YOUR OBJECTIVE
In the entries that follow, find the line containing "用爱尔兰国旗竖起大拇指图片下载" and the line containing "Autocolant 3D gaura", then retype exactly the lines from the first through the second, pictures excluded.
--- RECORDS FOR THE EXERCISE Enclosed Below ---
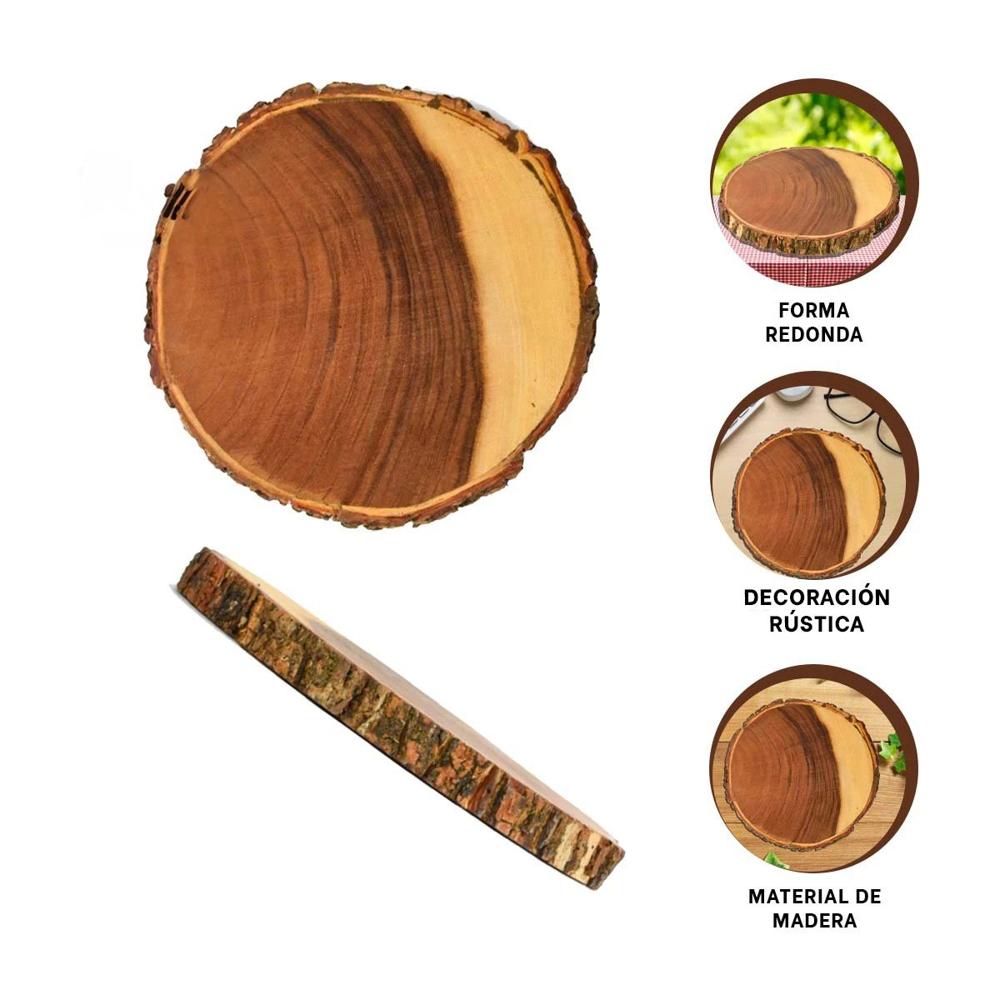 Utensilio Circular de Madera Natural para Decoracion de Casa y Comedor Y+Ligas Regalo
--- End of Enclosed RECORDS FOR THE EXERCISE ---
--- RECORDS FOR THE EXERCISE Enclosed Below ---
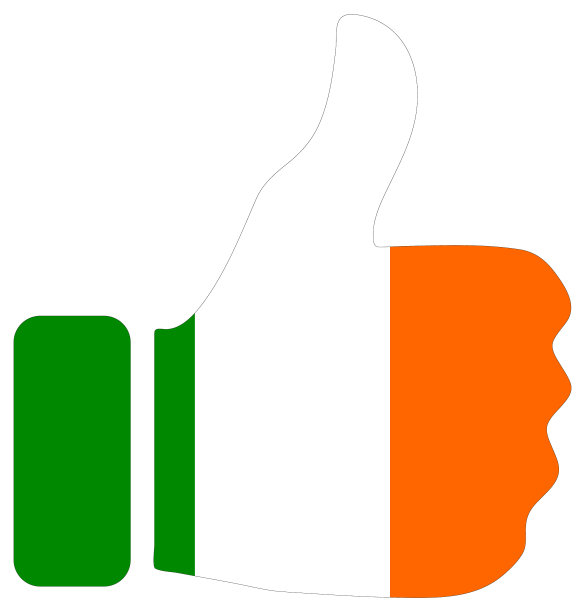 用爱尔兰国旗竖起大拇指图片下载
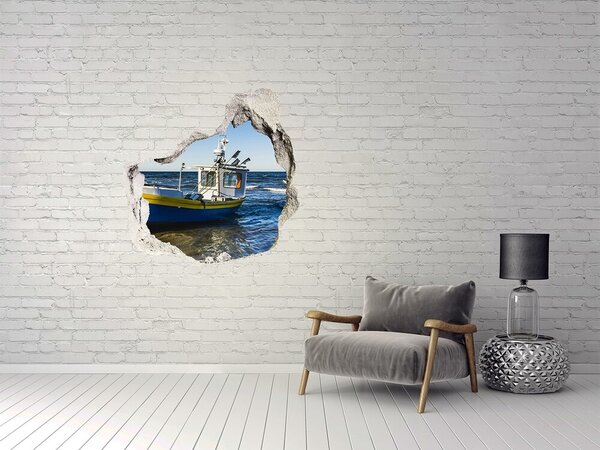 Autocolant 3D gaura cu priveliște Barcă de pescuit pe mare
--- End of Enclosed RECORDS FOR THE EXERCISE ---
EXERCISE RESPONSE
 用爱尔兰国旗竖起大拇指图片下载
 Autocolant 3D gaura cu priveliște Barcă de pescuit pe mare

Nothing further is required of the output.